The religious and social structures of Samoan society meant that many more people were able to help each other, in an organised fashion in accordance with village governance.

The fact that families had customary land to relocate too was also a blessing, she said.

“We take that away and we may not be able to respond to another natural disaster as fast as we did to that one.

“In Aleipata and Falealili they immediately moved, and it wasn’t to anybody else’s lands, it’s was theirs. That was a comfort point too,” Taimalieutu said.

The asiasiga approach was revised partway through the five months immediately after the tsunami, to include questions and analysis on resilience.
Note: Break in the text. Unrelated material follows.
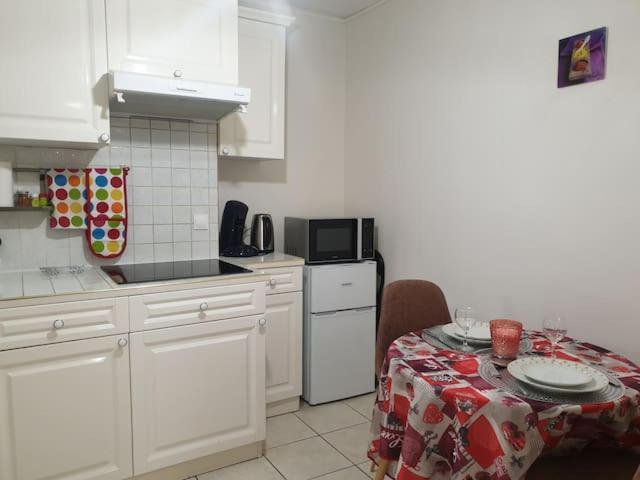 Rnb Locations Macon Appartement Buitenkant foto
Taimalieutu said it quickly became clear to the team that questioning trauma alone was only “half the story.

“In trauma analysis everybody just focused on the trauma. We needed to find out how people are so damaged by this, we need to examine that,” she said.

But watching clearly traumatised children helping others before themselves and taking food for their brothers or sisters during meals showed that more than trauma came out of the tsunami.

“Now, in my experienced, people who are highly traumatised do not [help others],” Taimalieutu said. 

“So we thought if we are concentrated only on the bad side, the damage to us, the horrific effect on our housing, on our health, on our mental health, and not look at the resilience, what the hell are we doing?”

The Child Trauma Screening Questionnaire, which had already been adapted to suit Samoa was changed a second time, to include questions about resilience when they returned in 2011 for follow up care.

Now, instead of only asking children about the existence of their trauma like whether they slept well or had negative thoughts, they also asked about how their lives are returning to normal, and how their moods with their friends were.

“Traumatic situations are a source of great strength and resilience,” she said.

“One would never wish it to happen, but given that it happens, let’s not just count the damage, let’s also count how we are surviving it.”

Having a readily accessible group of pastoral workers around the country meant that resilience and strength could be brought out and supported and families were not left to recover alone.

“You don’t need a highly specialist workforce because I know in the Pacific that there are very highly skilled people-people, people who see people at times of distress, who bring comfort to families, who lead families and communities,” Taimalieutu said.

What the Family Centre learned and later applied about resilience in traumatic situations has been used in other natural disaster responses since.

New Zealand’s Ministry of Foreign Affairs and Trade had the Family Centre train their disaster response teams in looking at both the damage people endure, and the strength they find despite that, and to incorporate the question of livelihood and resources into counselling as they did in Samoa.

“The ongoing issue is how do we support our workforce to be able to do this kind of work,” Taimalieutu said.

“For the 10th anniversary it is a very important time for our country to reflect on what we have learned. 

“We were struck terribly, and for those who lost their lives, we owe it to them to say this is what we have learned and this is what we need to do to better our situation.

“How do we safeguard those things that protect us, like our customary lands, like our fa’aSamoa, like our structures, and make them responsive to our people’s needs?”